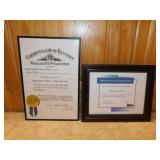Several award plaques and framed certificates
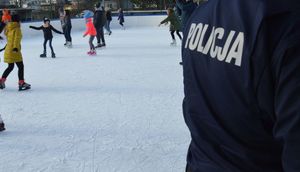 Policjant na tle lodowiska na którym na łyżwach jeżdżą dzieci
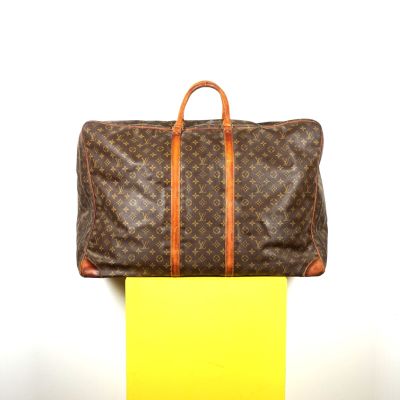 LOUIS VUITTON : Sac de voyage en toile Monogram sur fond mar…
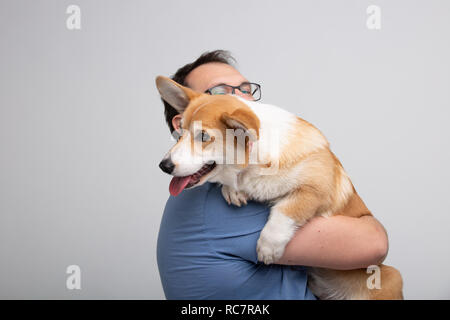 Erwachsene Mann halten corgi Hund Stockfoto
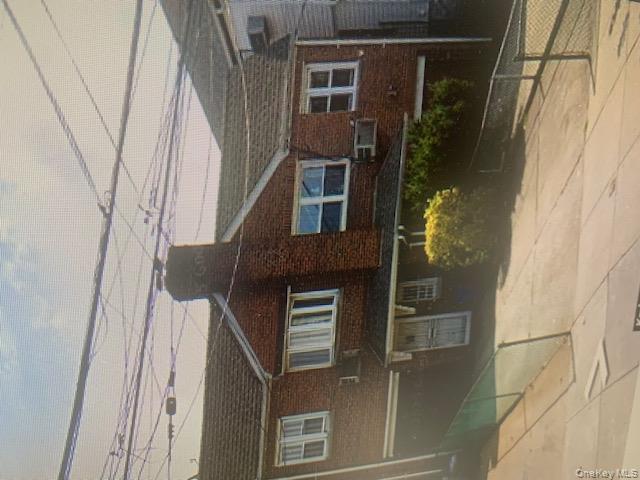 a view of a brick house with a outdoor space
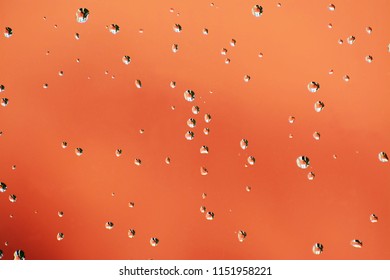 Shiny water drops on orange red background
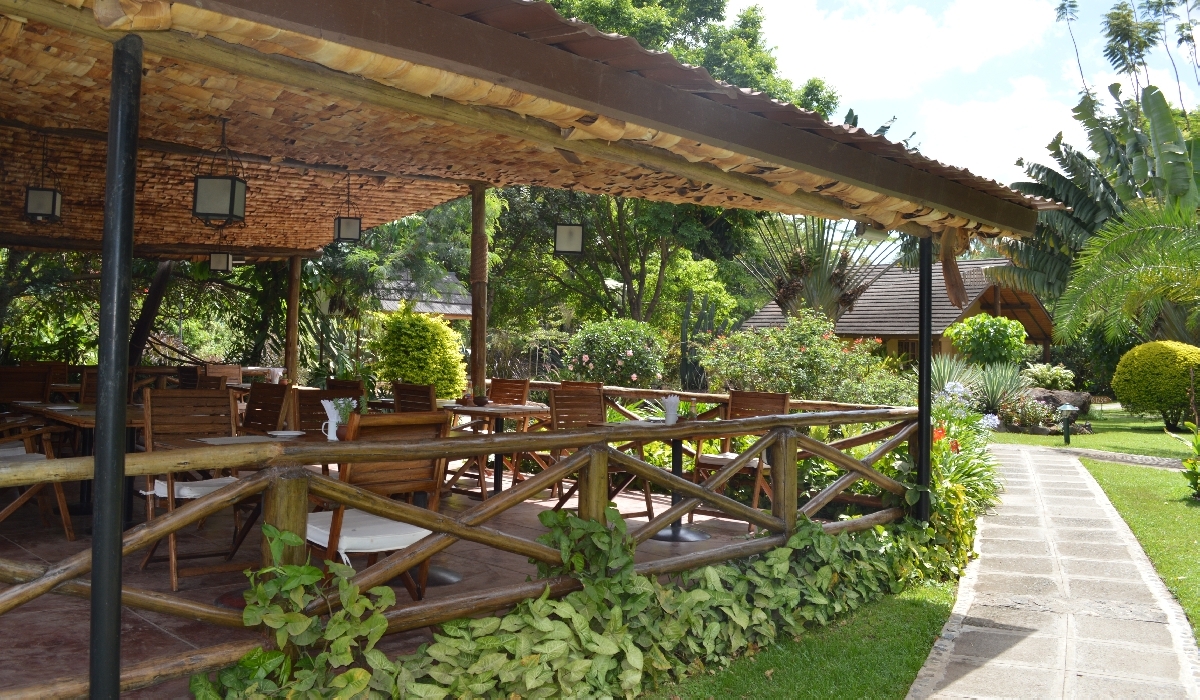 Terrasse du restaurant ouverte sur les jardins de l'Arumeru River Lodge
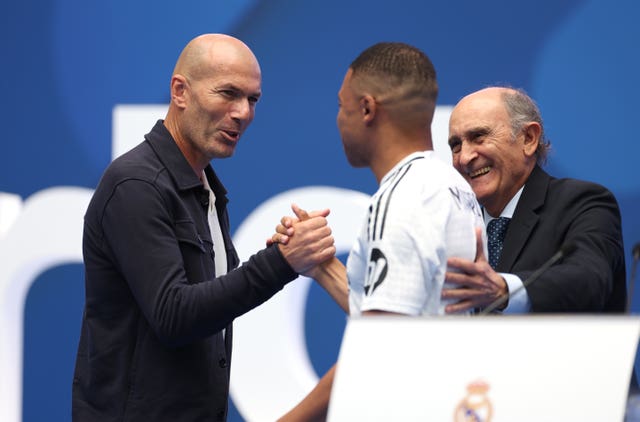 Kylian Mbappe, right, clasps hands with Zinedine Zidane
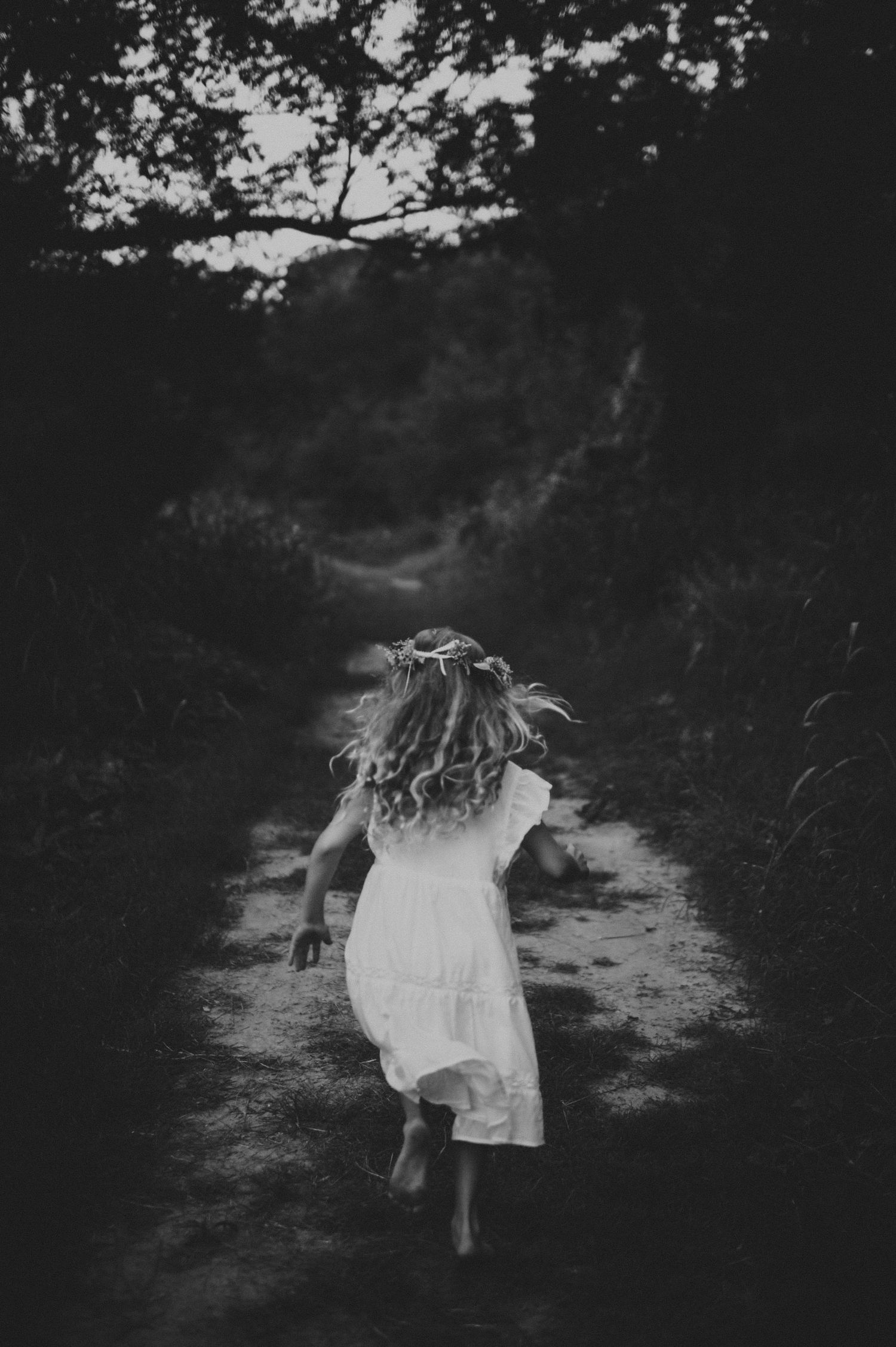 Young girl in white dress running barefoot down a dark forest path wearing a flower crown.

━━━━━━━━

__Exercise details__. Images are not part of the copy. Everything else in the records must be reproduced exactly.

__Completed exercise__.
Several award plaques and framed certificates
 Policjant na tle lodowiska na którym na łyżwach jeżdżą dzieci
 LOUIS VUITTON : Sac de voyage en toile Monogram sur fond mar…
 Erwachsene Mann halten corgi Hund Stockfoto
 a view of a brick house with a outdoor space
 Shiny water drops on orange red background
 Terrasse du restaurant ouverte sur les jardins de l'Arumeru River Lodge
 Kylian Mbappe, right, clasps hands with Zinedine Zidane
 Young girl in white dress running barefoot down a dark forest path wearing a flower crown.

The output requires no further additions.